Basque Government
국가
Spain
The Basque Government is the governing body of the Basque Autonomous Community of Spain. The President of the Basque Government is democratically elected by the Basque Parliament every 4 years. This parliament has the legal capacity to regulate internal law. The Basque Government manages all public policies on Health, Education, Social Affairs, Economic Development, Culture and Security and employs 100.000 civil servants. The anual Budget for 2015 is 10.000 million Euro.
With a total population of just under 3 million, the Basque Country ranks above the European average in the principal indicators of economic and social development, while politically the Basque Autonomous Community enjoys the highest level of self-governance of any nonstate entity within the European Union. Concretely, the Basque Autonomous Community can collect and manage all direct taxes and ranks first in Spain in terms of per capita income, with gross domestic product (GDP) per capita being 40% higher than that of the European Union and 33.8% higher than Spain's average in 2010, at €31,314. The Basque Government has also made posible to achieve the lowest poverty rate in Europe and the second highest life expectancy in the world after Japan.
A socio-economic success
At the end of the 1970s, the Basque Country was emerging from forty years of dictatorship in which any expression of Basque culture had been repressed. At the time, the Basque Country was undergoing a serious economic crisis, with unemployment at around 30% and an international image that directly related to terrorist violence.

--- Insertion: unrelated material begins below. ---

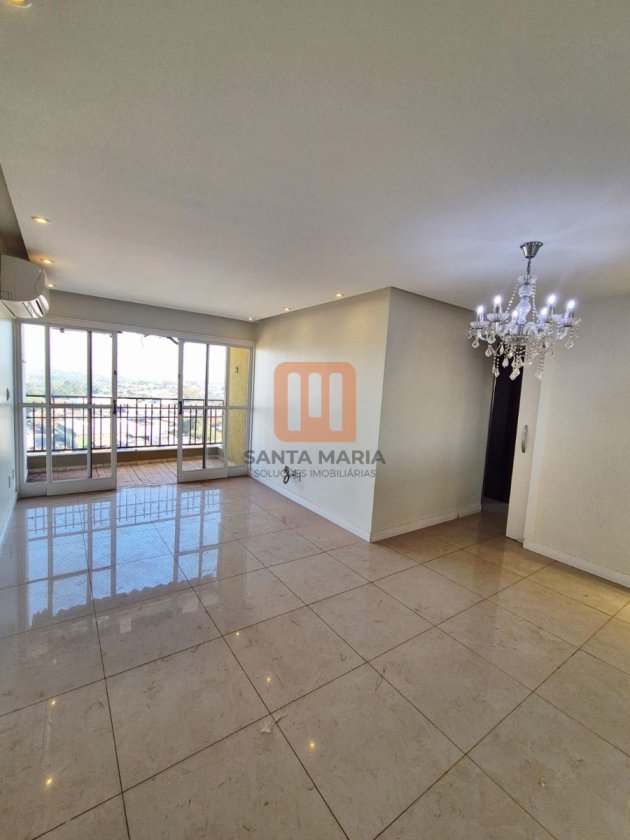 Apartamento para comprar no condomínio Villa Inglesa em Jardim Independência, Ribeirão Preto - código 78036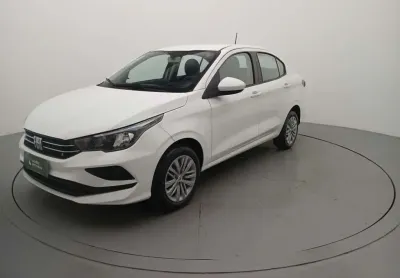 Fiat cronos 2023 1.3 firefly flex drive manual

Despite these circumstances, the Basque Government has managed to transform its economy in a supportive way, reaching high places in international rankings in healthcare, education and income per capita. Basque companies and institutions now have a strong international presence and Basque culture is associated with modernity.
Institutional development is one of the keys to understand the success of the Basque socio-economic transformation in the last few decades. UK’s innovation foundation Nesta, in the recent report “When small is beautiful: lessons from highly-innovative smaller countries“, pointed put the role of the Basque institutions in this transformation.